The premium that lenders demand to hold Irish rather than German bonds hit 4.58pc early yesterday. The difference in the cost of borrowing between the two countries, known as the spread, is now at its highest level since the launch of the Euro. The yield on Irish Government debt has hit 7.19pc.
Early chatter on the London markets said a 'Sunday Independent' article by UCD economist Colm McCarthy was partly responsible for the swing.
The article outlined a "scary scenario" if a tough budget is not passed in December, Brian Barry, a credit strategist with Evolution Securities, which advises bond investors, said.
However, Mr Barry said Germany's plans to introduce an EU-wide restructuring regime is more likely to have spooked the market. Germany wants to change the Lisbon Treaty and replace the European Financial Stability Facility with a tougher regime. This includes forcing losses on bondholders if a member has to be bailed out by the EU.
The cost of insuring Irish debt against default rose by nearly a quarter of one percent on Monday. Bondholders are paying almost 5pc of the value of their bonds to insure against potential losses.
Greek debt is seen as the most likely candidate for such a move. Yesterday it cost 8.31pc to insure Greek bonds.
At the current level, borrowing on the markets would prove crippling for the country.
Ireland is due to resume borrowing in January. New research from Citigroup shows domestic lenders will take an increasingly large slice of the debt when it comes.
Citigroup economists used World Bank data to show that the percentage of international lending to the Irish Government fell over the past two years, even as the amount of Irish debt increased.
The share of Irish sovereign debt held by foreign lenders fell from more than 80pc before the crisis to close to 60pc in the first half of this year.
Domestic banks' share increased 20pc over the course of 2010. The same trend was seen in Greece and was even more noticeable in Portugal.

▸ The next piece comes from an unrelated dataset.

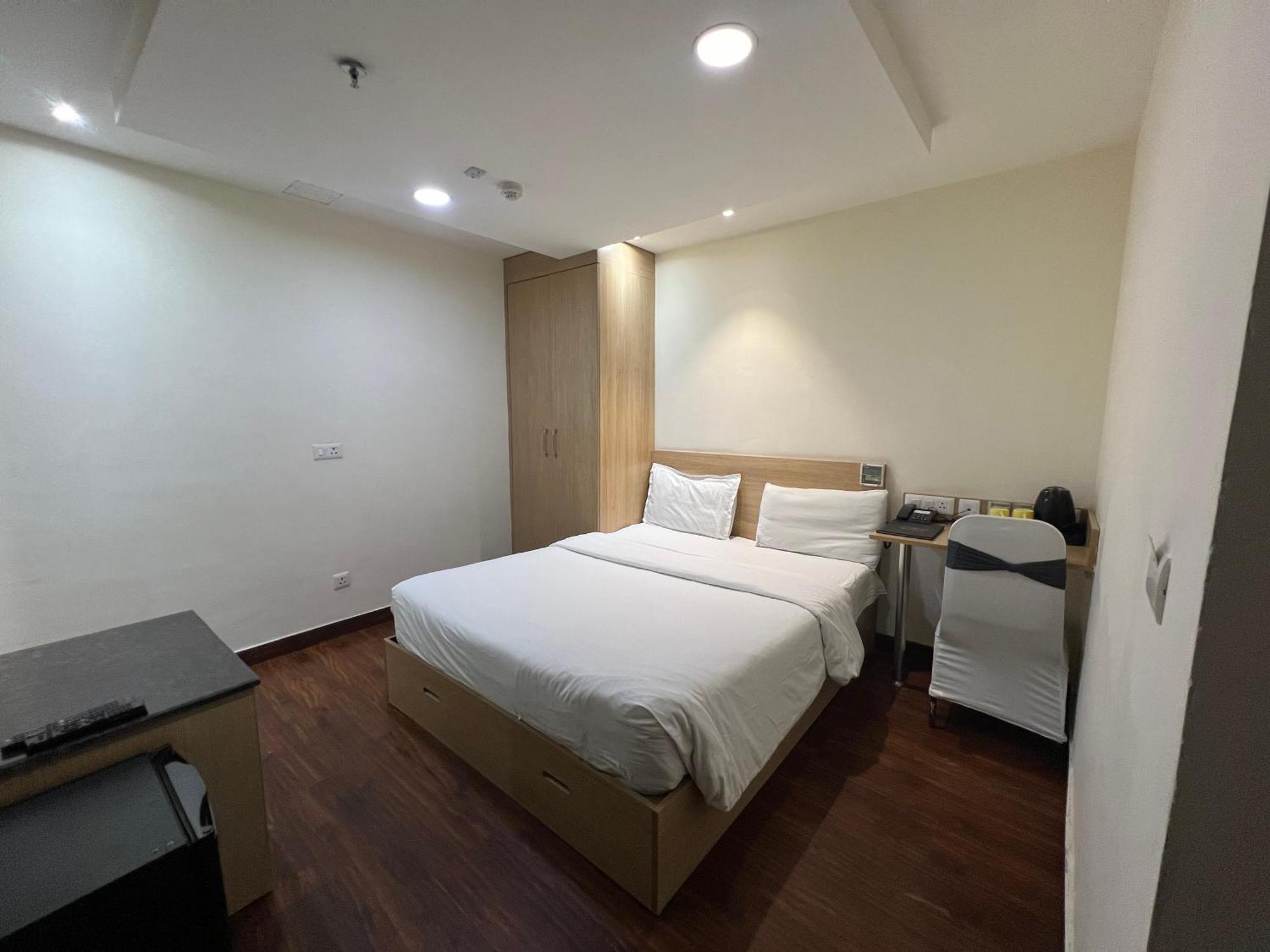 Hyphen Business Hotel Noida Dış mekan fotoğraf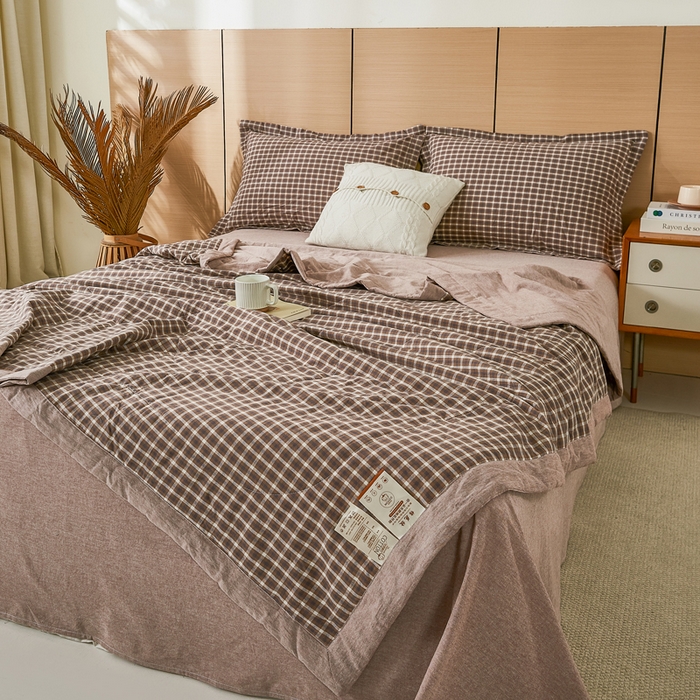 91家纺网 家纺一手货源 找家纺 81号家纺 2026新款全棉纯棉色织棉花夏被夏凉被空调被 咖小格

ECB's acceptance of Government bonds as collateral for banks to borrow against is one driver of the trend.
It is also easier for local banks to understand the dynamics of their home markets. International lenders can struggle to understand the politics of national budgets.
However, Brian Barry said banks may be staying closer to home because they believe domestic lenders will be better protected in the event of a sovereign default. That's because a country in default is more likely to try to protect its own banks than outsiders, to ensure liquidity in the domestic economy.